Life & Culture

Managing the Loose Women

Hilary Freeman talks to Jo Sheinman, Loose Women’s Head of Showbiz


Not many people can say that their day job encompasses teaching singer Rick Astley how to ‘twerk’, arranging dance lessons with Britney Spears, or making Piers Morgan strut about in high heels, but for Jo Sheinman it’s par for the course. As Head of Showbiz at ITV’s Loose Women, she is tasked with booking high-profile guests and securing celebrity ‘exclusives’ for the daily lunchtime chat show.

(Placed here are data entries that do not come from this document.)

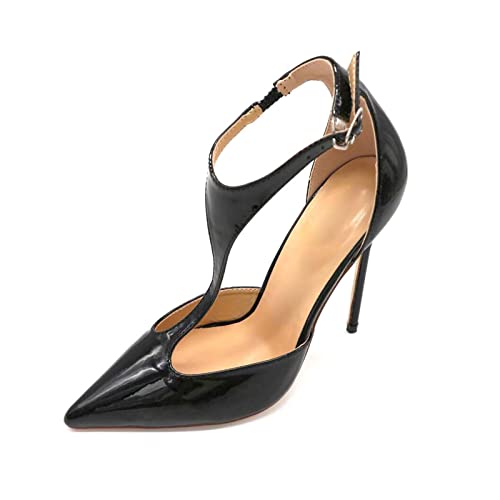 jonam High Heels Outlet Black Patent Pointed Toe Strap Women Lady Girl High Heel Shoes Sandal(Size:36 EU) von jonam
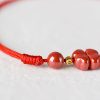 Four Leaf Clover Cinnabar Blessing Bracelet Four Leaf Clover Cinnabar Blessing Bracelet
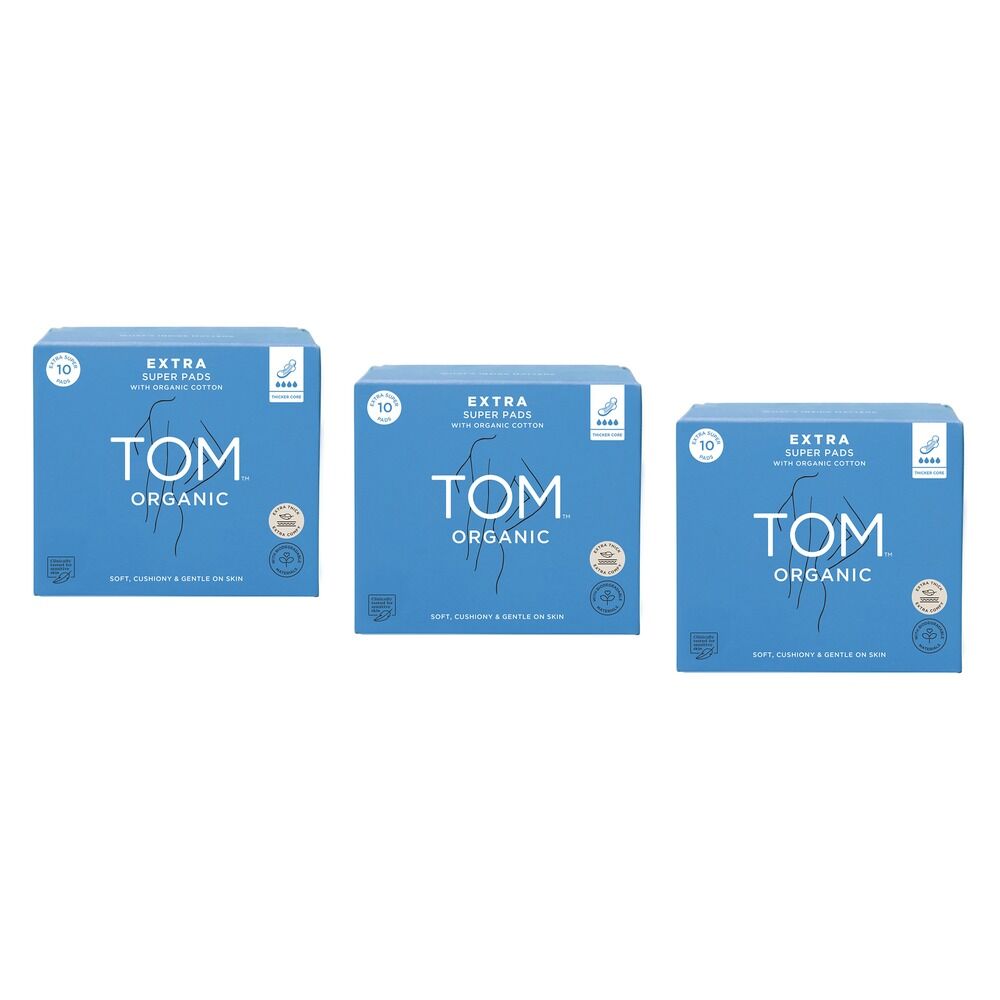 TOM Organic Extra Thick Super Pads 10 Pack x 4 Bundle of 3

In recent weeks, for example, she’s booked Hollywood star Whoopi Goldberg, who presents an equivalent female panel show in the US, and Labour politician Harriet Harman, who came on to talk about her memoirs. “Her people came to us because we are a show presented by women, and she’s fought over the years for women’s rights. She talked about the pressures of being a working mum – something our panellists can relate to.”

Jo, 41, has worked in TV for 15 years, since getting a degree in Broadcasting Studies from Leeds University. “I’ve always wanted to work in telly,” she says. “I was quite academic at school, with my strength in the sciences, but I was desperate to be a ‘creative’.” 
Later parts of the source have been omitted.